The 5¢ Poem
I sat down at my desk an hour ago.
My left leg and ruptured discs in my lower back
barely hurt. My head was fresh, clear.
I breathed evenly. I was relaxed.
I wanted to dance and sing,
bringing note to the brief pause
from insufferable pain.
A sudden rush of wind surrounded the house.
The small gas furnace that heats this room
The pilot light is about four inches from the floor.
Norma and Saroyan won't be home for several hours.
Knowing the risk I am taking,
I decide to re-light the furnace.
Carefully, using my chair and desk as supports,
I slowly lower myself to the floor.
On my hands and knees,
I open the pilot light door.
I strike a wooden match
against the furnace's rough front,
push the gas button. S-s-s-s-s-s-s-s-s,
the gas flows through the pipe's mouth.
The quick explosion of the fire to the appointed jets.
The furnace works!
Slowly, I pulled myself up.
Immediately, when I was standing,
the deep, throbbing pain exploded inside of me.
I couldn't move. My eyes swelled with tears.
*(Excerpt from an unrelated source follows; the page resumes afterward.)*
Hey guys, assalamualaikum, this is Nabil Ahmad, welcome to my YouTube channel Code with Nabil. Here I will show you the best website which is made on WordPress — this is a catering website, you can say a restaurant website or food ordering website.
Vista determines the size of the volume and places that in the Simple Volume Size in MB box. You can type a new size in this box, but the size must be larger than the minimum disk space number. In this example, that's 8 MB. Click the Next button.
I wanted to scream. Oh, how I wanted to scream,
ridding my body of the constant, unbearable pain
I would live with permanently!
I didn't scream,
it would worsen the pain.
During the next month, February, 1977,
Jim Schevill and I were walking on the
Brown University campus, when he said
I should make the pain work for me
by writing against it.
Minutes later, I spotted a nickel on the ground.
Jim picked it up and handed it to me, saying,
“The 5¢ Poem is the title of your next poem.”
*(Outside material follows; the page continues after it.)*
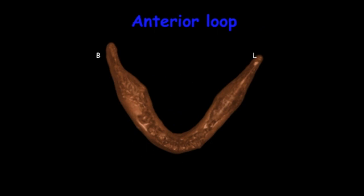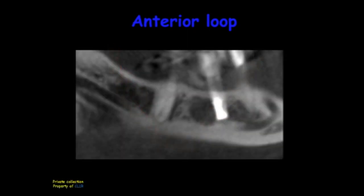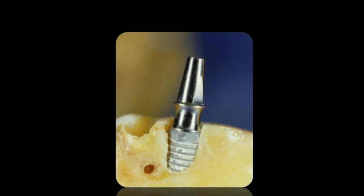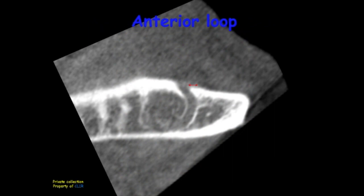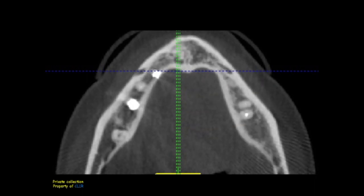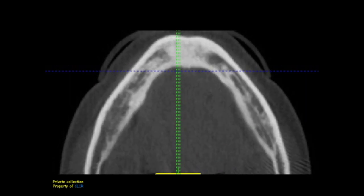Sometimes the inferior alveolar nerve will make an anterior loop before exiting from the mental canal. This loop can easily be seen on a carefully taken panorex. Whenever we have an anterior loop, we must be very careful when placing implants anterior to the mental foramen — instead of being 2 mm anterior to the mental foramen, we have to be 2 mm anterior to the maximum convexity of the loop. To identify the anterior loop, we follow the sequence of axial cuts, where we can see the inferior alveolar canal going anteriorly, then turning back and exiting through the mental foramen.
Maybe it's time to give it a try.
Brightly painted wooden Indians
standing in front to tobacco shops
holding 5¢ cigars
And prowling, cheap whores,
are all that 5¢ brings to mind
for a nickel's worth of pain.
When I was a kid,
six juicy mouthfuls of Bazooka bubble gum
came in a silver and red room for 5¢.
5¢ played the juke box. 5¢ played the pinball with 5 balls.
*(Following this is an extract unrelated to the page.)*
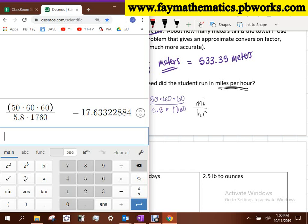The reason we want to do this conversion is that you're more comfortable comparing things from your everyday life to 17.63 miles per hour. You drove to school today, so you might know what 17.6 mph feels like. But if I asked you what it feels like to run 50 yards in 5.8 seconds, you probably don't know what that feels like.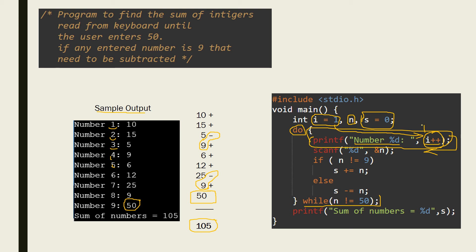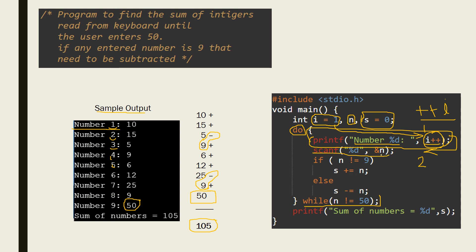That is the difference between pre-increment and post-increment. If it was ++i, the value is first incremented and then printed, so instead of printing 'number 1' it would print 'number 2'. But since I used i++, it prints 1 first and then increments the value of i to 2. After printing, it scans the first number into n — for example, 10 is read into n.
5¢ let you ride on the bus all around the city.
A big, foamy mud go A&W root beer was 5¢.
And for 5¢, a girl every guy in the neighborhood made out with,
let me put my hand inside her training bra.
That was 1949, and I was 10.
My parents were scum.
Any nickels I earned,
they took and turned into alcohol and dice,
locking me in a closet without supper
because I should have earned more.
We all scream.
It's as American as commercials and cancer.
They are mostly silent screams
without solitary echoes for comfort,
like the pain locked in my body.
And no two screams are the same.
–Be an individualist
–Scream like no one else
–Develop your own personal scream,
an enduring, sympathetic voice inside us instructs.
–Proclaim to yourself and to your family
that you're an artist because you can do something
no one else can.
An artist's life has few rewards.
Did anyone hear John Lennon scream?
Did anyone hear Janis Joplin scream?
Did anyone hear William Saroyan scream?
Did anyone hear Fireball Roberts scream?
Did anyone hear Dorothy Parker scream?
James Dean couldn't scream.
Who heard the Sioux Nation scream?
Have you heard your scream?
Nobel Peace Prize recipient Mother Teresa said,
“Only special people are allowed to suffer,
and God knows better than us
who they should be.”
What does this all mean, anyway?
Have I written anything worth recording?
Has the pain turned my brain to mush?
Are these just hysterical words
piled on top of hysterical words?
Is this my way of screaming?
If so, does anybody out there hear me?
I mean, really hear what my screams are saying?